Dog lovers have long known the benefits of having a four-pawed friend in terms of stress relief and a boost to the spirits. An evaluation and training class offered by the , in Middletown, can provide certification that your dog is indeed a friend to all.
Both the evaluation and the class are called “Canine Good Citizen” (CGC), a national program started by the American Kennel Club (AKC). The CGC program is designed “to reward dogs who have good manners at home and in the community,” according to the AKC website.
To earn the CGC certification, a dog must be evaluated by an accredited trainer, and here in Middletown, that person is Byron Davies, Potter League’s Director of Behavior and Training. The next date for CGC evaluations at the Potter League is Saturday, Feb. 18, from 1-2 p.m.; there is a $10 fee. Dog owners must pre-register by calling Byron at 846-8276, ext. 104.
The evaluation is also a prerequisite for the next Canine Good Citizen training class being held at the Potter League. The CGC class begins Saturday, Feb. 25, and is a five-week class, meeting every Saturday until March 24, from 10-11 a.m. The fee is $100, and the dog must be 5 months or older.
The class will practice the 10 CGC requirements that dogs encounter in the CGC test. Pre-requisites for the training class include: Dogs must know sit, down, stay & loose leash walking. Dogs must accept petting from strangers without exhibiting shyness. Dogs must not be reactive or aggressive towards other dogs.
CGC certification, which has grown in popularity in recent years, is the first step toward registration as a therapy dog, according to the Potter League. “Once a dog receives the CGC certification, we can recommend local trainers recognized by such programs as Therapy Dogs International,” says Kerry A. McKinnon, Potter League’s Director of Marketing, Communications, and Outreach.

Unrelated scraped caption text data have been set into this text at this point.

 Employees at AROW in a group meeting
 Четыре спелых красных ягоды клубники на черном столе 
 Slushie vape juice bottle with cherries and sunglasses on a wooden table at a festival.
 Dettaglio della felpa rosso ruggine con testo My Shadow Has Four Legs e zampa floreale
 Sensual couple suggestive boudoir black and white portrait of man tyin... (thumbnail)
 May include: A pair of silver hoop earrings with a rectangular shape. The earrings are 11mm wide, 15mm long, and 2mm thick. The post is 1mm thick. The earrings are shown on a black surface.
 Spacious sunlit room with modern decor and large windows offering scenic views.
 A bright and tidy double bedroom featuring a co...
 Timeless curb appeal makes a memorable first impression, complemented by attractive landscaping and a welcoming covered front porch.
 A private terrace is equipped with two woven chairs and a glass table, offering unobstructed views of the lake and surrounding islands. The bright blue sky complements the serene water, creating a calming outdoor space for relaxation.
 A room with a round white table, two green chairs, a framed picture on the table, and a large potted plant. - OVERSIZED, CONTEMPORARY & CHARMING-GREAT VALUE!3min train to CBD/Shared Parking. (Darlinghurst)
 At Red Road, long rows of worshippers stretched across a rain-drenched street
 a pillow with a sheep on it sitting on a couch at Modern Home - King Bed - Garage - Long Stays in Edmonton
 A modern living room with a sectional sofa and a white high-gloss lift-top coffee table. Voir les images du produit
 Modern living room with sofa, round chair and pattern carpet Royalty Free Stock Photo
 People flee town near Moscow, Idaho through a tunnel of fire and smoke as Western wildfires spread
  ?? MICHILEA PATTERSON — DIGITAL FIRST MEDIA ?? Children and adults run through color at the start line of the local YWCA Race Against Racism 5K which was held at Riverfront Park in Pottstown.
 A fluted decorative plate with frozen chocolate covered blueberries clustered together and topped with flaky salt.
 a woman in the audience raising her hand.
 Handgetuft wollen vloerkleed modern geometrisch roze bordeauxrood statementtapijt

Therapy Dogs International (TDI) is a volunteer organization “dedicated to regulating, testing and registration of therapy dogs and their volunteer handlers for the purpose of visiting nursing homes, hospitals, other institutions and wherever else therapy dogs are needed,” according to the TDI website.
Animal-assisted therapy is growing field that enables dogs to provide a nurturing presence in many situations. It is based, in part, on research that has shown that pets can lower a person’s stress level and blood pressure, and speed a person’s recovery from an illness.